As 35 questões da tabela 1 correspondem a um universo de 900 questões exigidas no ENEM de 1998 a 2011. Cabe salientar que no ENEM de 1998 a 2008 foram exigidas 63 questões de múltipla escolha, das mais diversas disciplinas escolares. Já nos ENEM de 2009 a 2011, foram exigidas 45 questões de Ciências da Natureza (compreendendo as disciplinas de Física, Biologia e Química).

 

 

Ao analisar os escores aplicados nas provas ENEM, notou-se que das 35 questões encontradas no ENEM contendo algum conteúdo de biologia celular, 27 questões (77,14%) contextualizavam com algum fenômeno biológico associado com o cotidiano do aluno ou com temas da biotecnologia, da genética e da microbiologia.

Nesta contextualização de conteúdos de biologia celular associados a fenômenos biológicos, sempre se exigia questões com incentivo ao raciocínio através da resolução de problemas.

Além disso, as questões de biologia celular continham tabelas, gráficos e análise de fenômenos. Isso configurou que essas perguntas incentivaram a resolução de problemas. Esse incentivo corroborou as conclusões obtidas por Fini (2005). É válido destacar que o incentivo à resolução de problemas não é exclusivo dos conteúdos de biologia celular, pois Amorim (2009) também diagnosticou esse incentivo nas questões de matemática do ENEM.

Algumas questões exigiram a interpretação de novos conceitos da biologia, como a clonagem e os transgênicos. De maneira particular, as questões do exame do ano de 2002, todas receberam o escore 3 (tabela 1), pois essas questões continham, em seus enunciados, dados na forma de gráficos e conteúdos com outros subtemas da biologia, como a genética.

Apesar de nossa pesquisa analisar apenas as questões contendo algum conteúdo de biologia celular, observamos que a maioria delas não exige alto grau de abstração ou análise mais complexa desse conteúdo, o que confirma os resultados obtidos por Fini (2005), o qual afirmou que a maioria das questões exigidas no ENEM são itens fáceis e médios nas suas resoluções.

3.2 Habilidades e interdisciplinaridade

Inicialmente, a principal competência (BRASIL, 2009) exigida nas questões contendo algum conteúdo de biologia celular foi a competência 4 (tabela 3), pois se notou que muitas questões envolviam a compreensão e o reconhecimento de mecanismos de transmissão da vida, como o DNA, e a interpretação de fenômenos relacionados a particularidades dos indivíduos, principalmente o ser humano. Outra competência importante, não tanto quanto a competência 4, foi a de número 8 (tabela 3), a qual o estudante se apropriava dos conhecimentos de biologia em situações problemas e planejava intervenções. Essa competência é importante para o estudante, na qual ele compreende conceitos de biologia e os utiliza na análise de um determinado fenômeno biológico, fazendo relações com o ambiente.
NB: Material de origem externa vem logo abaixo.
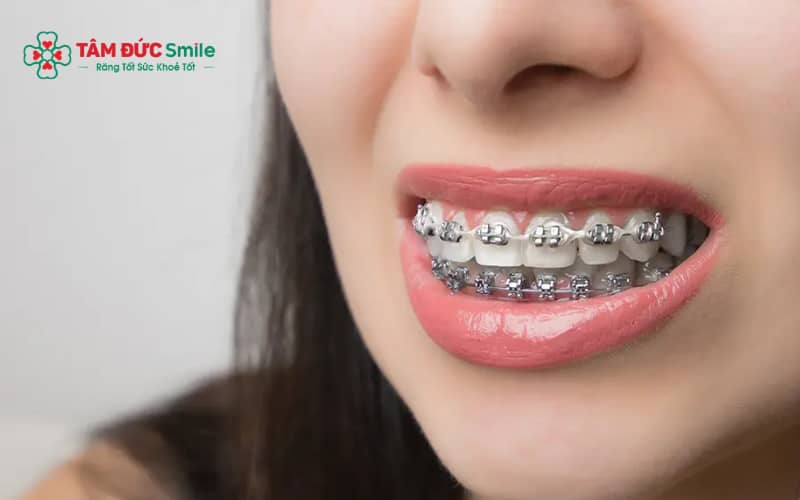 Khí cụ Abc888k vip truy cập nhanh, lực siết và vị trí răng mới là nguyên nhân thay đổi phát âm khi niềng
Esse fenômeno biológico pode ter aspectos relacionados com o cotidiano do aluno.

 

 

 

 

As questões as quais contêm alguns conteúdos de biologia celular envolveram algumas habilidades (tabela 2) da nova matriz de referência do ENEM (BRASIL, 2009).

Em seguida, estão destacadas três questões contendo conteúdos de biologia celular e as habilidades envolvidas nessas questões.

Questão 18 (ENEM - 2003):

Na embalagem de um antibiótico, encontra-se uma bula que, entre outras informações, explica a ação do remédio do seguinte modo:

"O medicamento atua por inibição da síntese proteica bacteriana"

Essa afirmação permite concluir que o antibiótico

A) impede a fotossíntese realizada pelas bactérias causadoras da doença e, assim, elas não se alimentam e morrem.

B) Altera as informações genéticas das bactérias causadoras da doença, o que impede manutenção e reprodução desses organismos.

C) Dissolve as membranas das bactérias responsáveis pela doença, o que dificulta o transporte de nutrientes e provoca a morte delas.

D) elimina os vírus causadores da doença, pois não conseguem obter as proteínas que seriam produzidas pelas bactérias que parasitam.

E) interrompe a produção de proteína das bactérias causadoras da doença, o que impede sua multiplicação pelo bloqueio de funções vitais.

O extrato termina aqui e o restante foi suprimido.